A ce moment-là c’était les inondations de 2016. Je vivais au rez-de-chaussée et l’eau m’arrivait à la taille. J’ai trouvé refuge chez ma mère pendant une semaine, mais je ne voulais pas la déranger, alors j’ai dormi dans les halls d’immeuble : j’avais encore mon badge de gardien. Je me cachais, je trouvais des couvertures et je planquais mes affaires dans les placards. Quand la maire de Nantes a enfin déposé le dossier pour que l’inondation soit reconnue en tant que catastrophe naturelle, j’ai été indemnisé.

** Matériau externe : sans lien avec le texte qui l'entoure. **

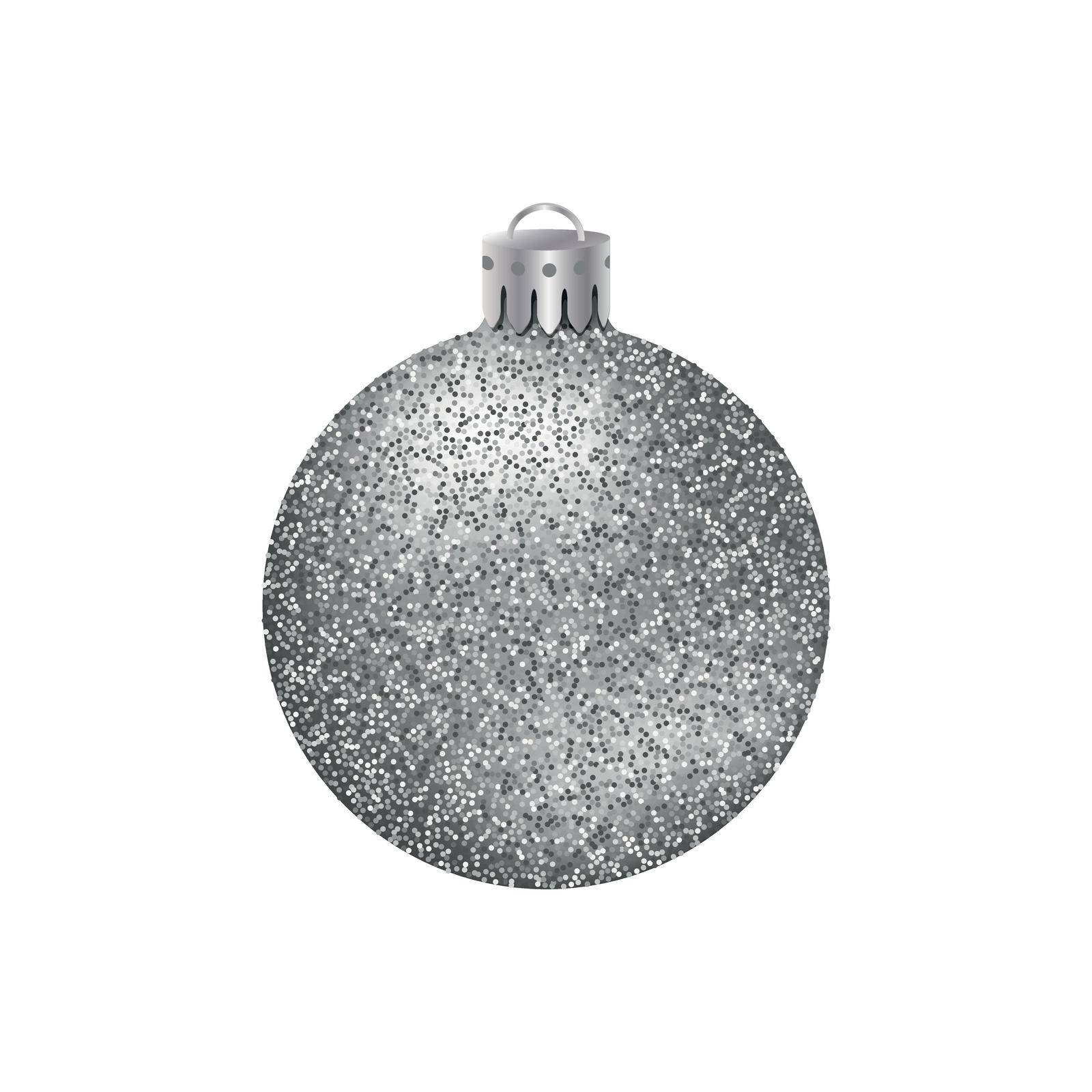 Realistic silver Christmas ball or bauble with glitter texture isolated on white background.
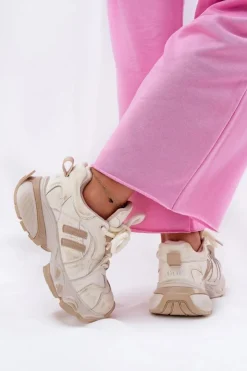 Outlet GOE Skórzane Sneakersy Damskie RR2N4037 Beżowe Beżowy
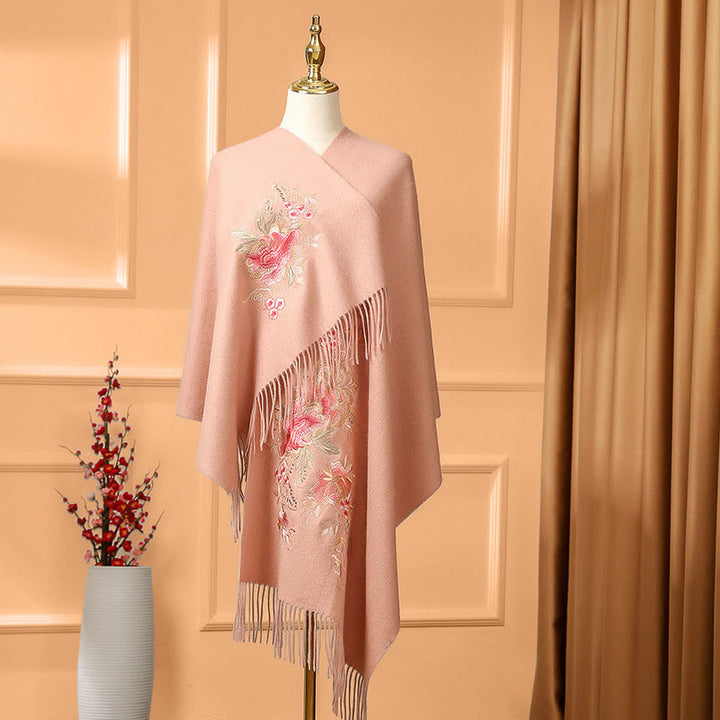 Buddha Stonesウールショール 赤い花と葉の刺繍タッセル 冬用 心地よい旅行用スカーフ ラップ - ピンク - 200×60cm - image 0
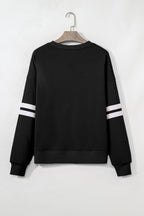 Fiery Red Preppy Striped Sleeve Loose Sweatshirt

On m’a proposé des logements sociaux dans les cités, mais j’ y ai grandi, et me faire casser ma voiture, les coups de fusil…C’était non. Le copain de ma mère avait 7 vans qu’il avait aménagés. Je lui en ai acheté un. Dedans il n’y a pas de douche mais il y a l’eau, les plaques électriques. Ça a été ma maison pendant 6 ans. J’étais dans le noir parce qu’il n’y a pas de fenêtre, alors je sortais de bonne heure le matin et rentrais tard le soir. Parce que j’étais seul et que j’avais besoin de voir du monde, j’ai fait toutes les maraudes, j’ai été bénévole dans toutes les associations.

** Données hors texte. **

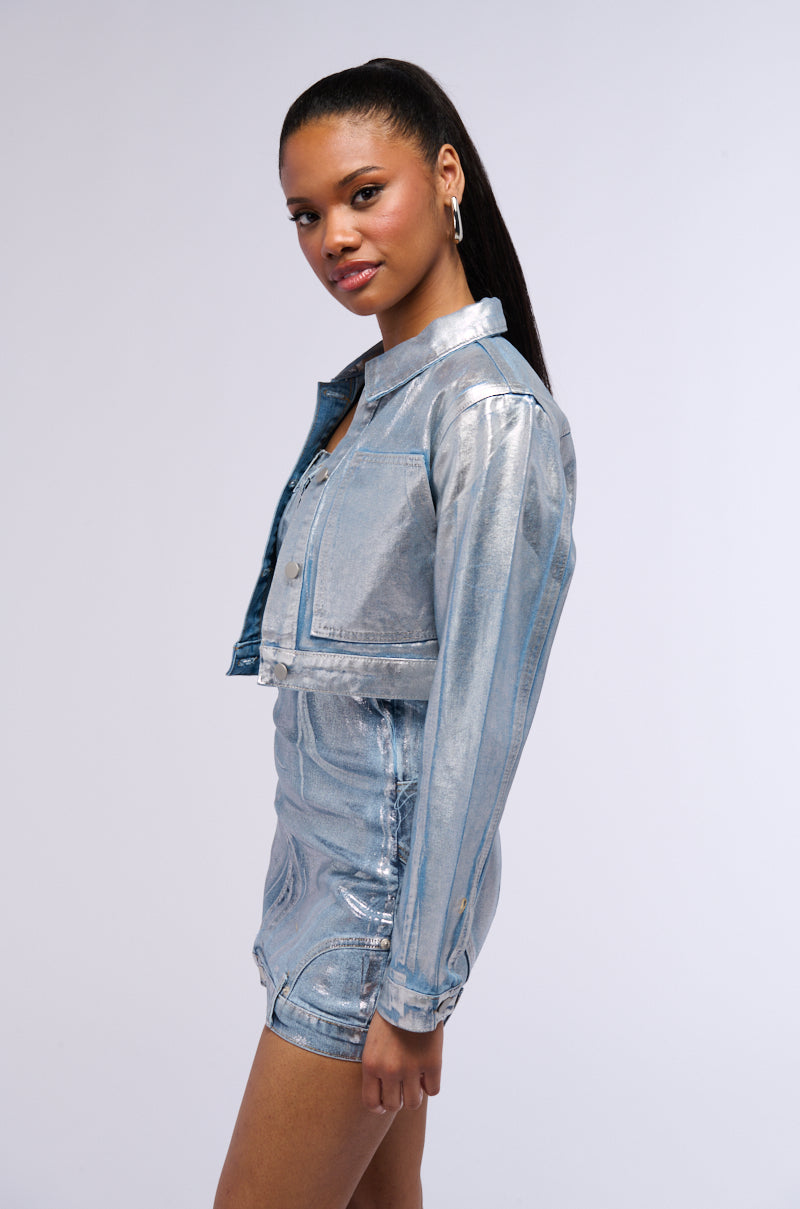 Side View Metallic Denim Button Down Crop Jacket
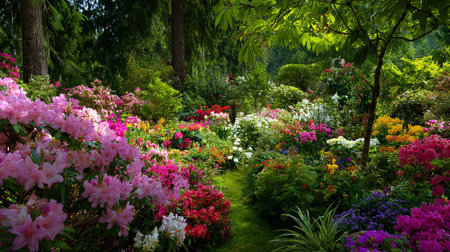 Vibrant Rhododendrons and Azaleas Blooming in a Lush, Tranquil Forest Gardenの素材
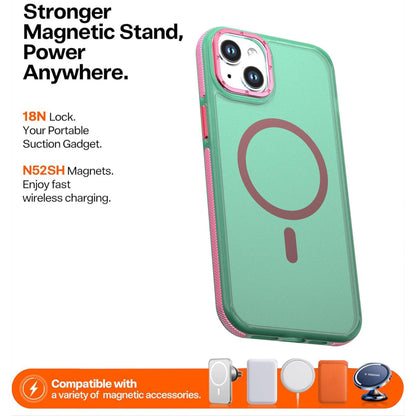 For iPhone 15 Plus / 14 Plus Two-tone Contrast Magnetic Phone Case - Green - EDA009981507C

Un jour je suis passé devant Lazare et j’ai vu de l’agitation parce que c’était le déjeuner de l’amitié. Ils m’ont invité, et depuis je suis souvent revenu les voir et ils m’invitaient même à leurs séjours. Je ne me voyais pas vivre en coloc, alors j’ai attendu qu’ils créent des studios. Quand la maison de studios a ouvert en septembre, je n’ai pas hésité une seconde : je n’en pouvais plus d’être dans le noir, c’est déprimant…. Ma chambre est grande, y a deux fenêtres, je suis tellement heureux de mon choix ! On dit qu’il faut avoir un boulot pour avoir un toit, mais la réalité c’est que sans toit c’est difficile d’assumer un boulot ! Quand je suis allé à « l’atelier des deux rives », mon employeur d’il y a 15 ans pour faire une photocopie de mes papiers, ils m’ont accueilli en disant : « tu tombes bien, on cherche un responsable ! ». C’était pour gérer une équipe de nettoyage de personnes en réinsertion : je les forme, je les encadre. J’ai commencé il y a 1 mois. Ça fait du bien de retrouver un boulot. Mon projet c’est de rester un an ou deux ans, le temps de reprendre pied et ensuite de retrouver mon propre appartement… Mais pas au rez-de-chaussée cette fois ! Dans la rue on tourne en rond, Lazare c’est là où on peut s’en sortir. On a une bonne famille avec nous, y a de la vie, des enfants, c’est génial ! »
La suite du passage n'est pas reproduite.